Posted: Sept. 9, 2005

MARKELL MOVES INTO CAMPAIGN MODE WITH A NEW MANAGER

By Celia Cohen
Grapevine Political Writer

State Treasurer Jack A. Markell has sent a new signal that anyone who wants to take him on will encounter a candidate determined to have the means to run for re-election next year -- and undoubtedly for another office beyond.

Markell, a two-term Democrat, will have a campaign manager as of next week, an early move that complements an even earlier one to show he had earnest money by filling his treasury last year to more than $1 million, three-quarters of it from a personal loan.

Markell has hired Erik J. Schramm, who worked on Gov. Ruth Ann Minner's re-election in 2004 and then joined her staff as a policy adviser and legislative liaison.

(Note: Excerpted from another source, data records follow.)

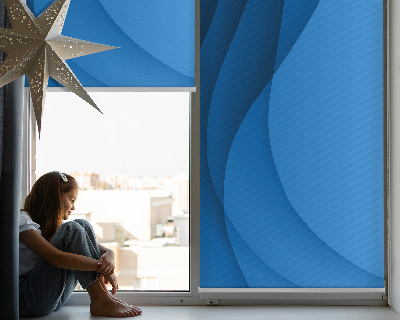 Store fenêtre intérieur vagues bleues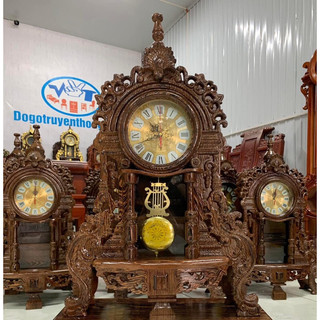 đồng hồ gỗ mun đuôi công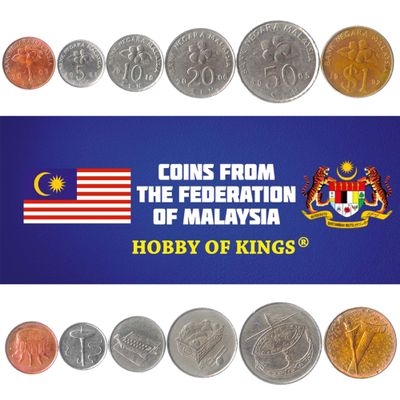 Set of 6 Coins from Malaysia. 1, 5, 10, 20, 50 SEN, 1 RINGGIT. 1989-2011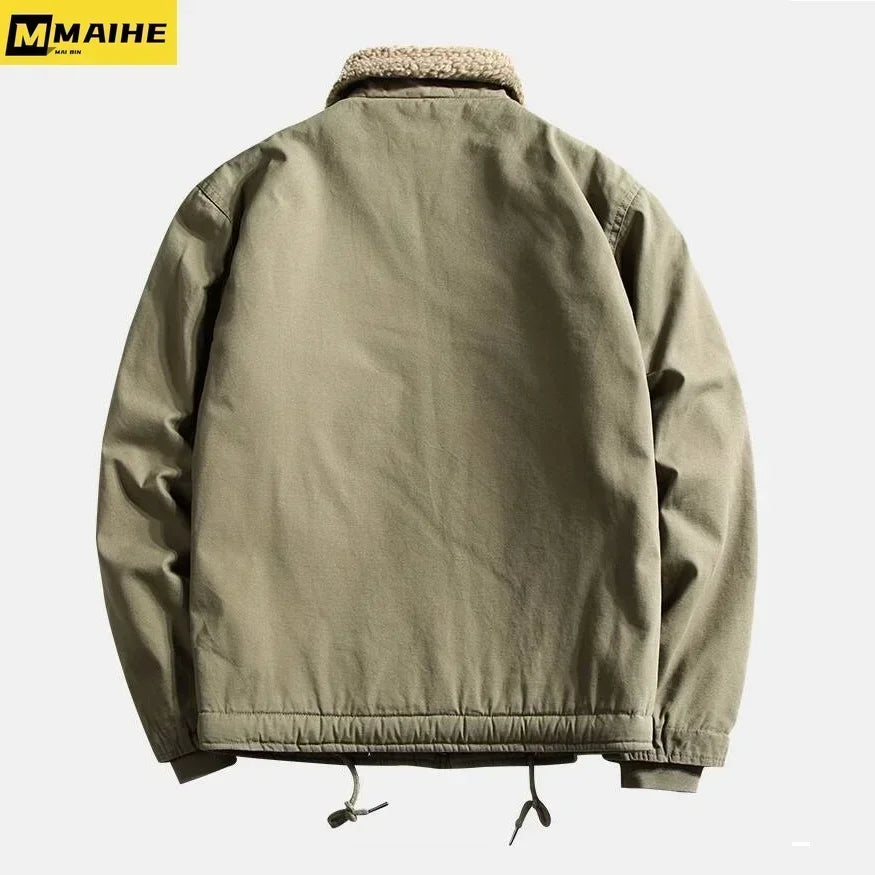 WorkHigh Quality Casual Cotton Loose Jacket Men's Lamb Wool Hunting Coat Men's New Winter Warm Work Jacket With Thick Fur Collar - NJN NATURES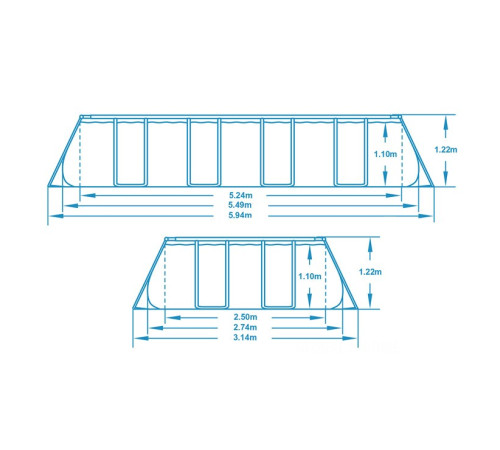Басейн каркасний овальний 17в1 Bestway 56710, 549 x 274 x 122 см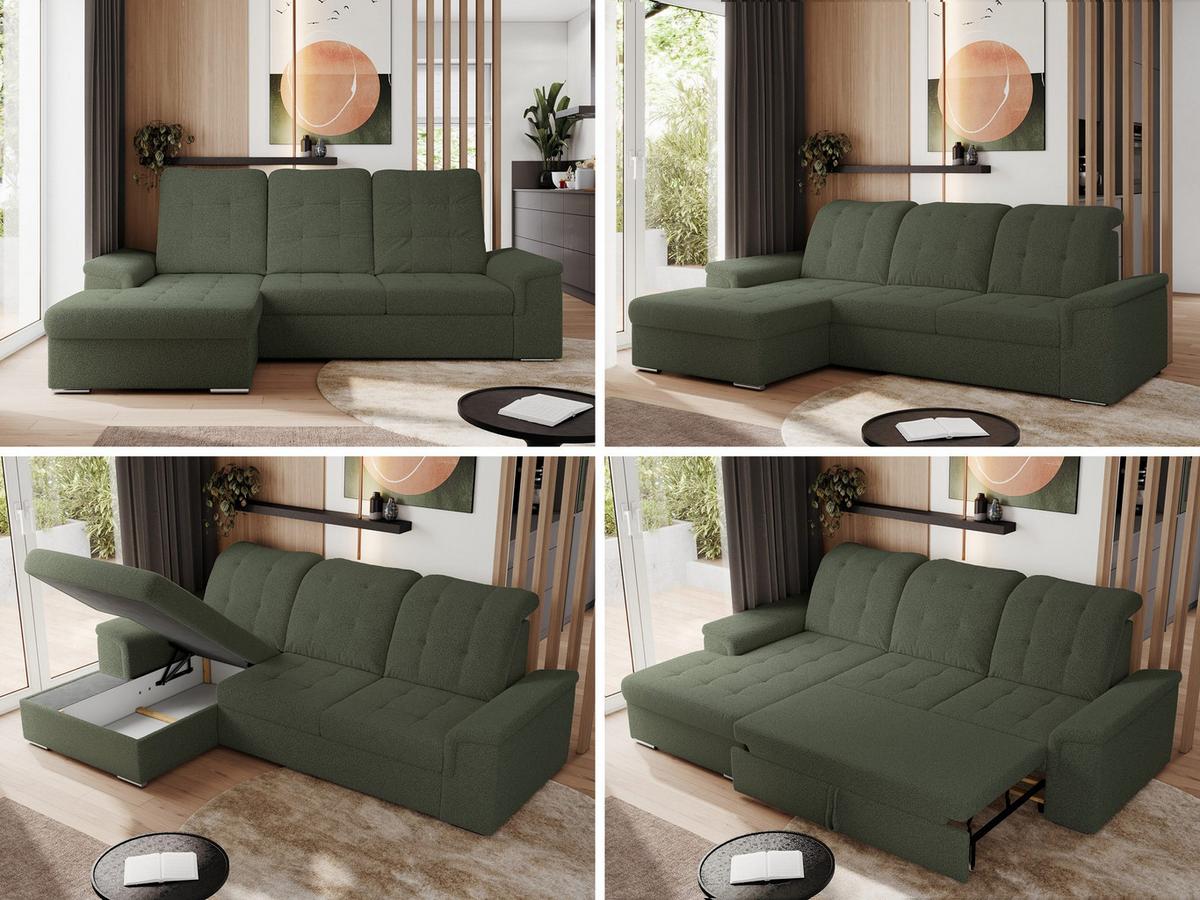 ECKSOFA MADRITO L - Grün Boucle - Links - Silberfarben/Grün, Textil/Metall (160/256cm)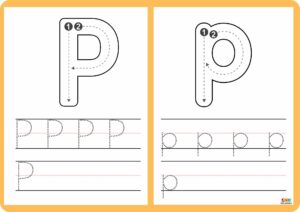 fichas descargables en pdf del trazo de la letra p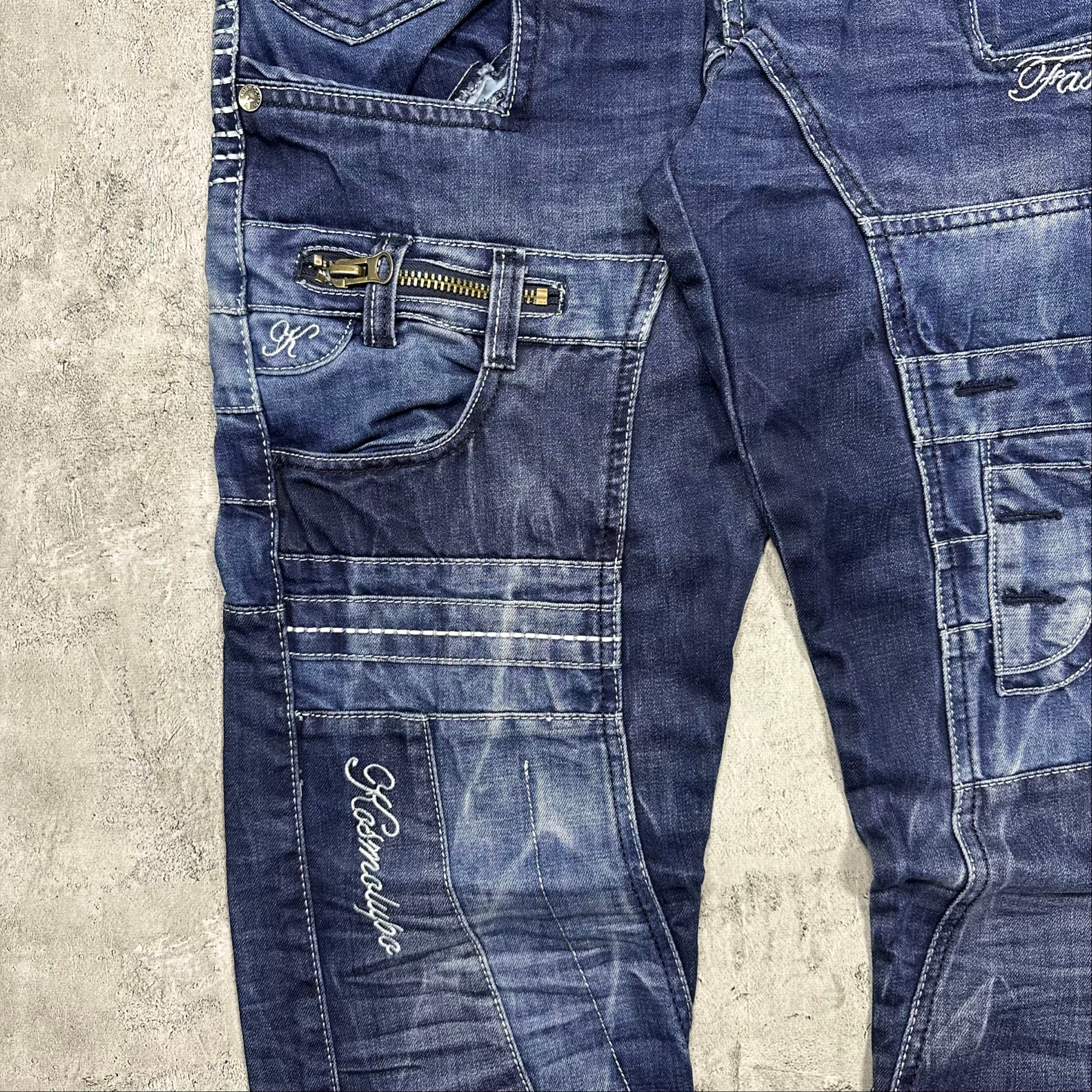 Kosmo Lupo Vintage japrag distressed dark blue jeans, миниатюра 13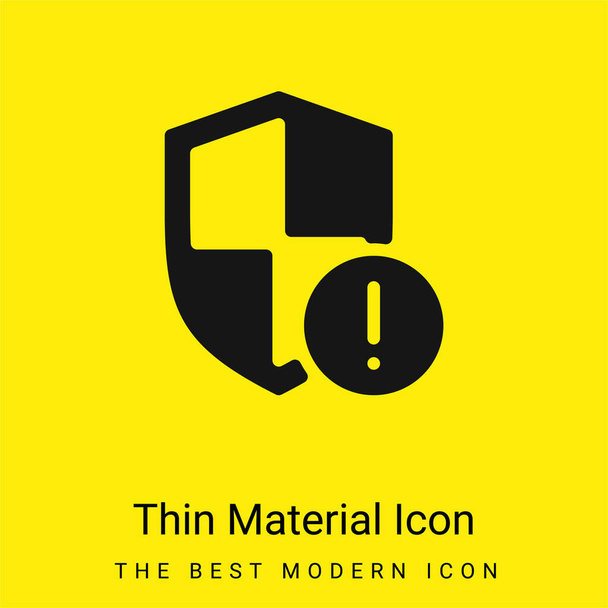 Attention minimale icône de matériau jaune vif - Vecteur, image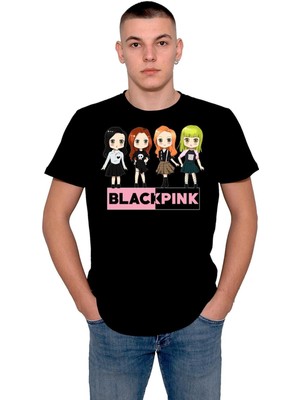 BUMETA Chibi Black Pink Kore Korea Tişört  T-Shirt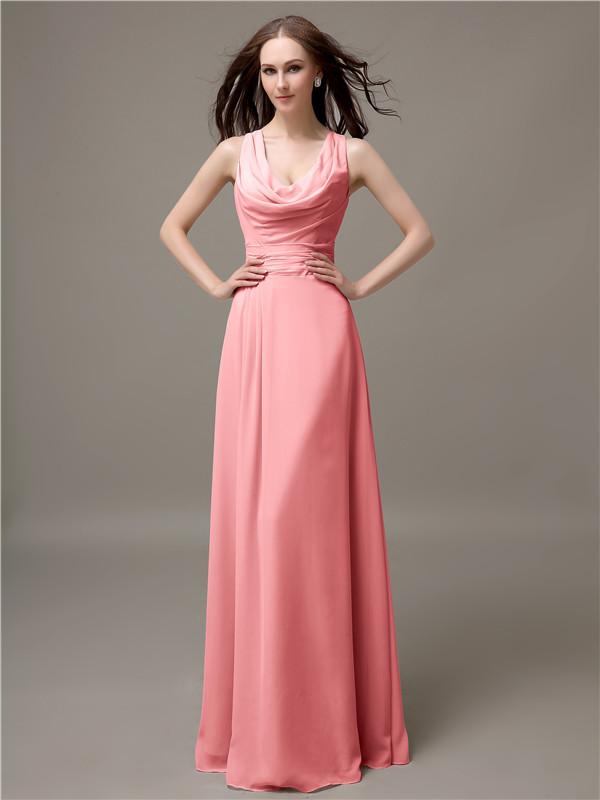 A-line Jewel Neck Floor-length Bridesmaid Dresses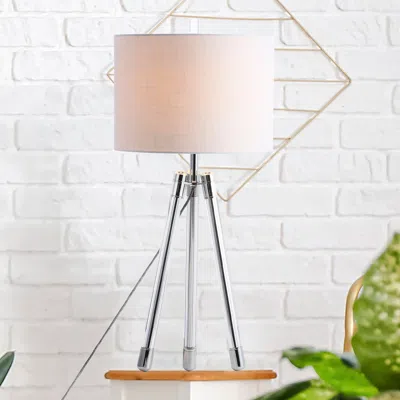 JONATHAN Y JONATHAN Y WYMAN SURVEYOR'S TRIPOD CRYSTAL/METAL LED TABLE LAMP
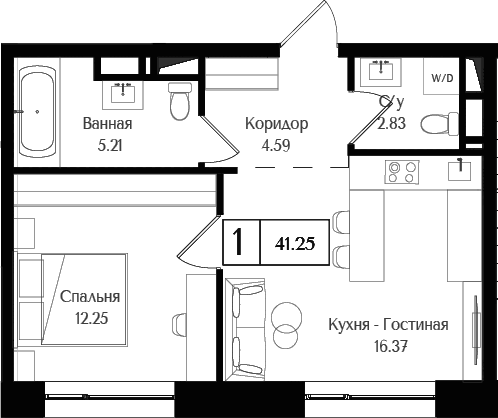 1-комн., 41.25 м², 17/17 этаж, ЖК «Преображенская площадь»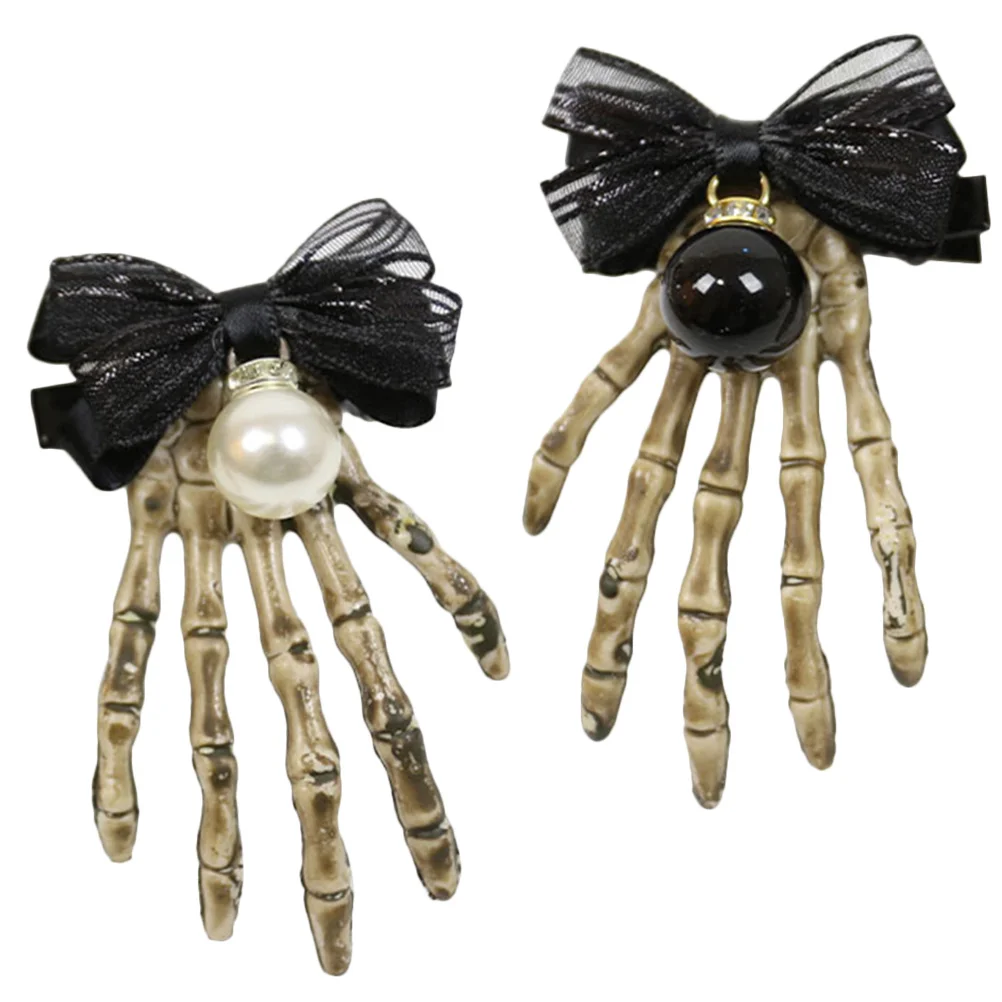 2 個ハロウィン骨ヘアピンハンドスカルデザインファッショナブルな帽子ハロウィンフェスティバルダンスパーティーバレッタギフト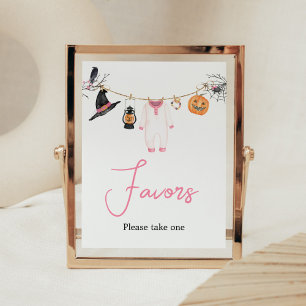 Pink Little Boo Halloween Baby Shower Favours Poster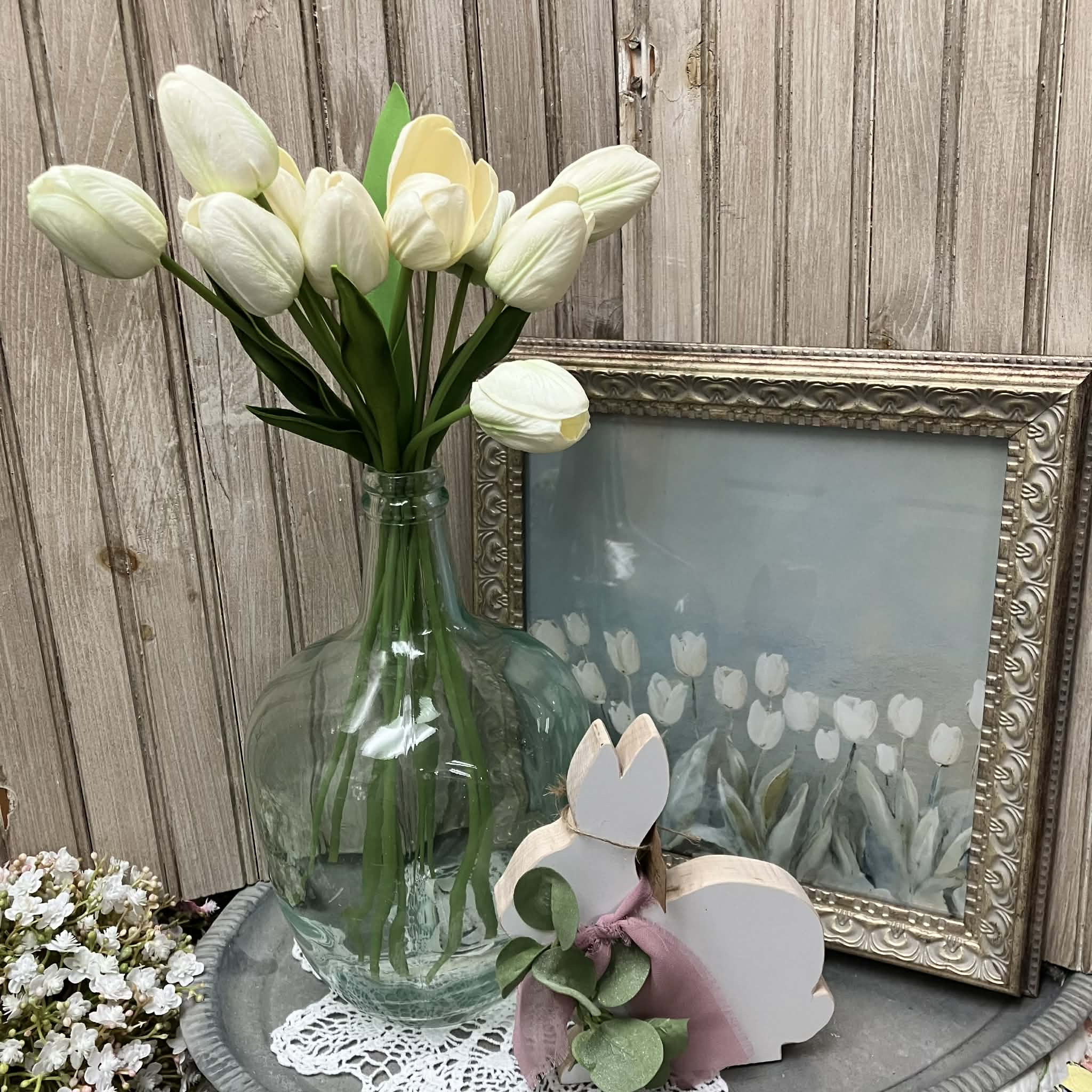 Set of 6 White Real Touch Tulips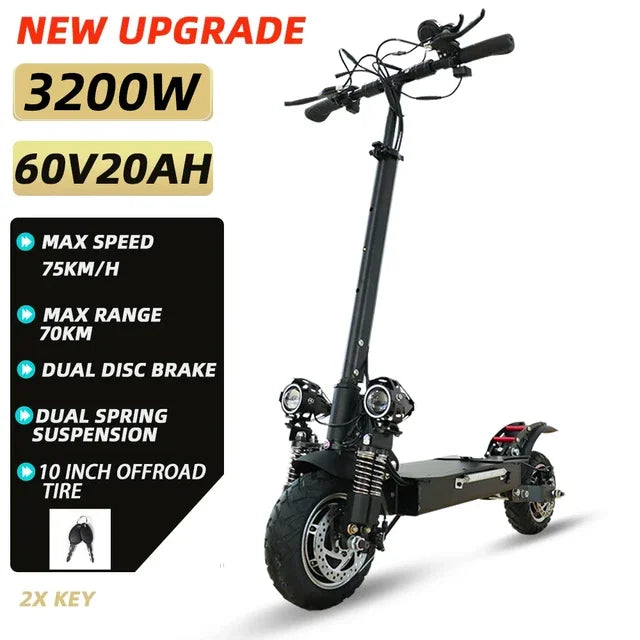 X700 75KM/H Fast Speed Electric Scooter 3200W Dual Motor Electric Scooter 60V 20AH 45° Climbing Angle for Adults 70KM Max Range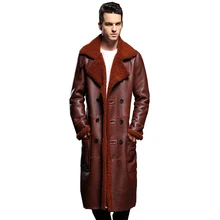 Новые Двойной Брестед овчины пальто с мехом мужской длинный тонкий утолщение натуральная кожа пальто мужчины с отложным воротником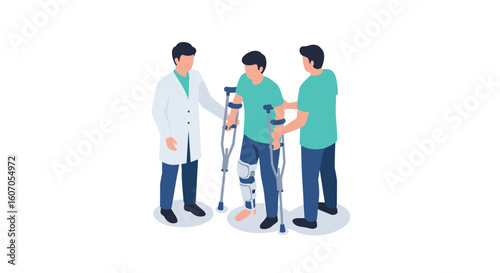 Healthcare support for injury recovery: doctor assists patient with cr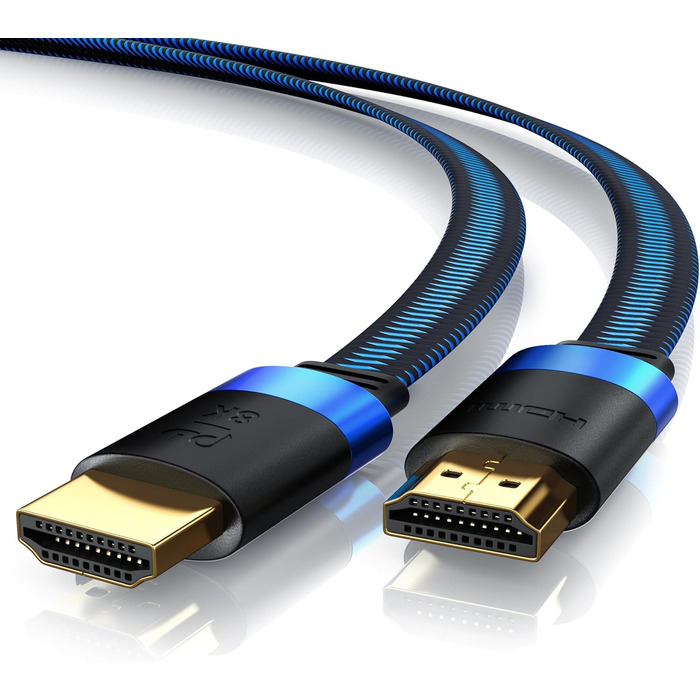 HDMI 2.1 кабель 8K Flachband - 3 метри, Ultra High Speed II, Ethernet, eARC, HDR10+, 7680x4320, 120Hz, DSC, тканинна оплетка, для прокладання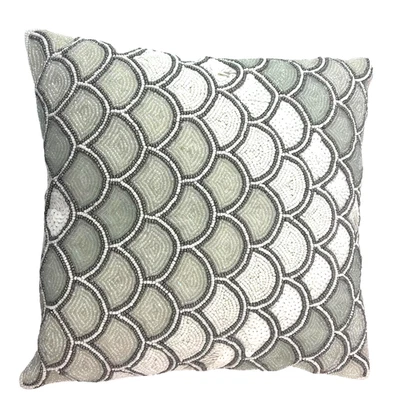 Beaded Half Circles Accent Throw Zip Pillow Decor  13" Sq Faux Silk Green White - Image 1 of 4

Minner, however, is going -- retiring to Milford at the end of her term -- and Schramm is coming, so he jumped to someone else who is. Schramm, 28, of Glasgow, is part of a rising class of political operatives being nurtured by the Delaware Democrats to run the campaigns of their new tier of officeholders.

It is a subterranean story of state politics. As the Democrats swell their elected ranks with public figures like Markell, Lt. Gov. John C. Carney Jr., Insurance Commissioner Matthew P. Denn and New Castle County Executive Christopher A. Coons, they are bringing a new matrix of campaign personnel into the political system, too.

Schramm is one of them, along with others like Gregory B. Patterson, who was Minner's communications director and campaign manager, now a senior adviser to Denn, and Nicole Majeski, the state party's former executive director who is now on Coons' staff.

"Erik is a great addition to any campaign, especially mine," Markell said.

While Markell organizes for the election, it remains unclear who his opponent will be. The Republican Party is cultivating Robert I. Hicks, the former New Castle County auditor, but he has not committed to the race yet. Still, Hicks is keeping an eye on Markell and was interested to hear about Schramm's hiring.

"The way he's been campaigning, I didn't know he needed one. He's already acting like his own campaign manager," Hicks quipped.

Markell continues to insist these days that his sole focus is on his re-election, as he consistently deflects talk about a potential showdown with Carney for the 2008 nomination for governor -- a topic that is consuming the Democrats more and more. Still, it should be noted that Schramm brings him someone who has seen a gubernatorial campaign from the inside.

Before Schramm was hired, it was no secret that he was looking for work and had feelers out, including one to Carney, but Markell got him. In the early gamesmanship, the scoring goes to Markell, one Schramm to nothing.

Schramm put his political roots down in Delaware, getting here through the University of Delaware and serving as the president of the Delaware Young Democrats, but his family roots are in upstate New York.

It is Republican country, and Schramm grew up in a Republican farming family. Two years ago he gave campaign tips to his father, who was running as a Republican for the town council of West Sparta and its population of about 1,200 people.

Democrats here may quibble about the father's politics, but not about the son's political instincts. Dad won.